If you are at home furloughed, you are no longer a key worker and your kids should be at home too. It is not about keeping your kids safe it is about keeping your whole community safe. The more kids there are in school, the longer it will take to bring down the numbers and the longer the majority will be out if school. If the school knows your true situation then they won't offer a place.

ladygracie · 01/02/2021 20:02

If school know there is a parent available to supervise remote learning then they may say no to them coming in. My school would. Not sure if that’s helpful.

Popfan · 01/02/2021 20:21

Yes I'd tell the school you are at home to care for them and I'd imagine they would withdraw the place.

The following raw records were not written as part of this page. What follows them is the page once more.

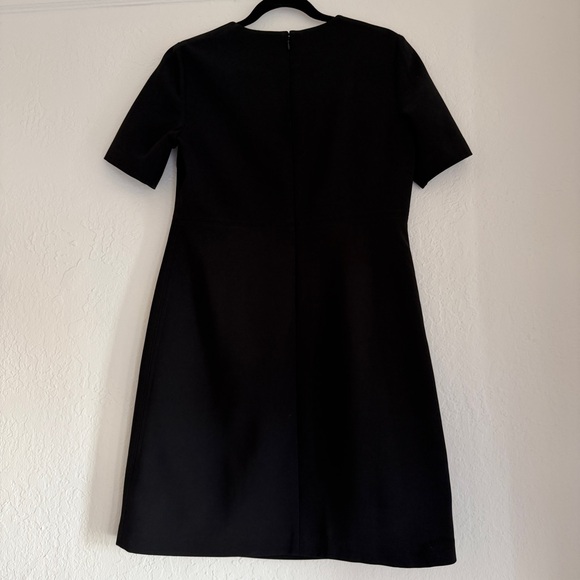 Eliza J Seamed Crepe Shift Dress in Black. Size 8 - Picture 3 of 8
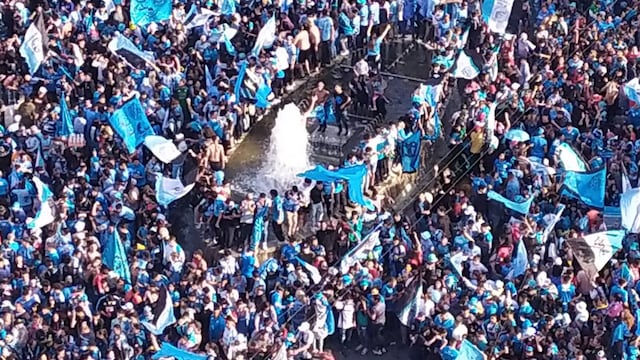 Piratas copan la avenida Vélez Sarsfield.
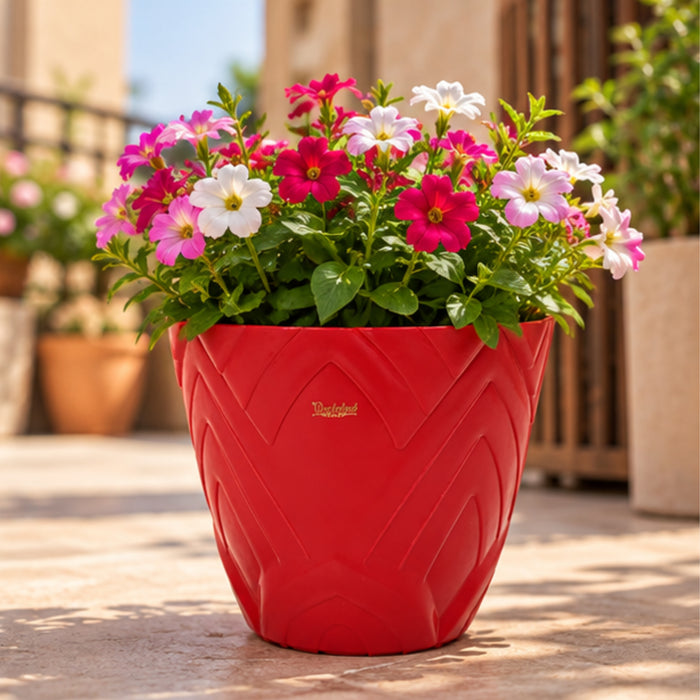 Single : Red Lotus 8 Inches PP/ PVC / High Quality Plastic Planter
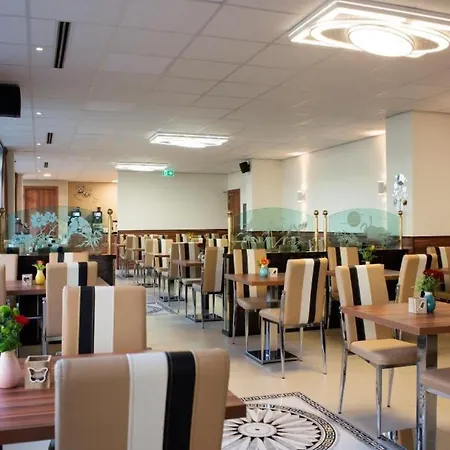 فندق King's Court
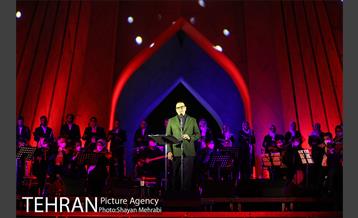 کنسرت آنلاین علیرضا قربانی در میدان آزادی 39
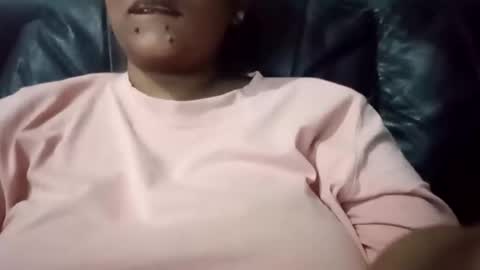 Snapshot of indianplaygal69 chatting on 09/22/25, 06:10 Indianpalgal69 online show from 09/22/25, 06:10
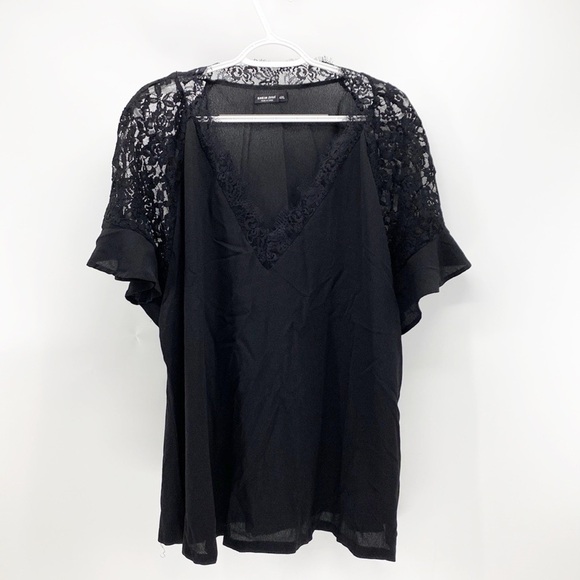 Shein Curve lace flutter sleeve date night girls night party - Picture 2 of 9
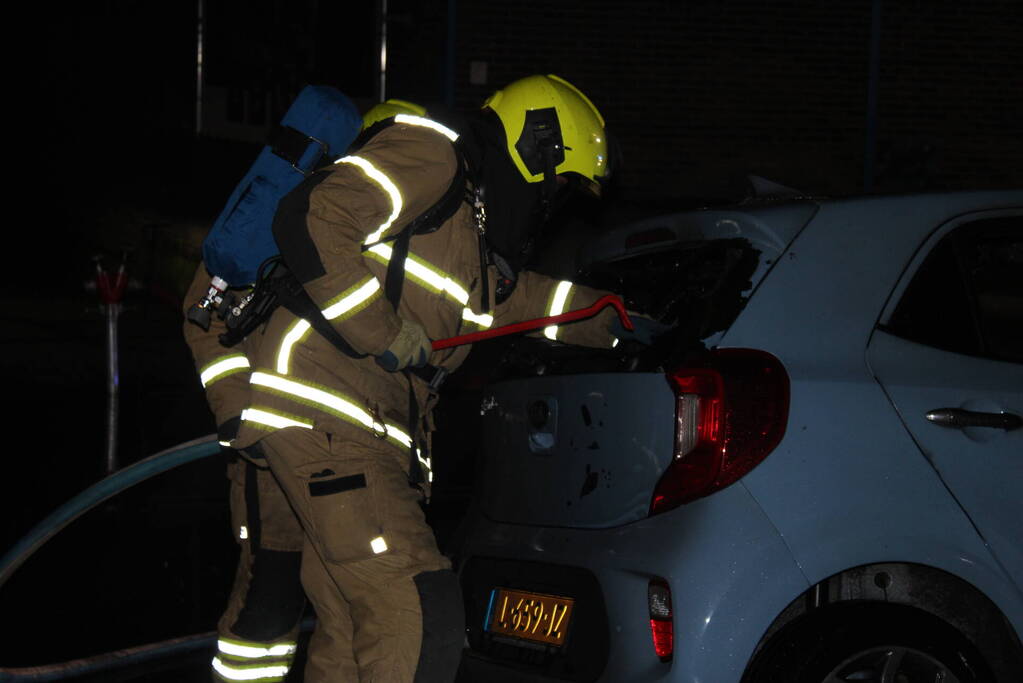 Autobrand mogelijk door vuurwerk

Waxonwaxoff0 · 01/02/2021 20:27

Tell the school you are furloughed. They might then say you should keep them home.

How321 · 01/02/2021 20:39

I agree with most of the comments here, I did ring the school as soon as she told me she’d got them a place as any decisions involving the kids education has to be run by me as well, told them I was furloughed and the headmaster told me a place had been reserved it was up to us to decide between us wether they go in or not, I did all their education in the last lockdown only difference this time is my ex and I no longer together

OP posts:
Hugepeppapigfan · 01/02/2021 21:03

Your children should not be in school if you have another option. Simple as that.

SmileEachDay · 01/02/2021 21:06

I think it’s impossible for anyone on here to say - the picture you paint is so unfeasibly clear cut. I wonder what your ex’s post would be, if she did one.

The two of you need to discuss it and come to a decision.

whagst · 01/02/2021 21:08

You shouldn't be sending them to school if you don't need to, which you don't. It's incredibly selfish to send them. It increases the social contact between the kids who have to be in and the staff who are there working. People behaving like this are going to be the reason why this all lasts longer.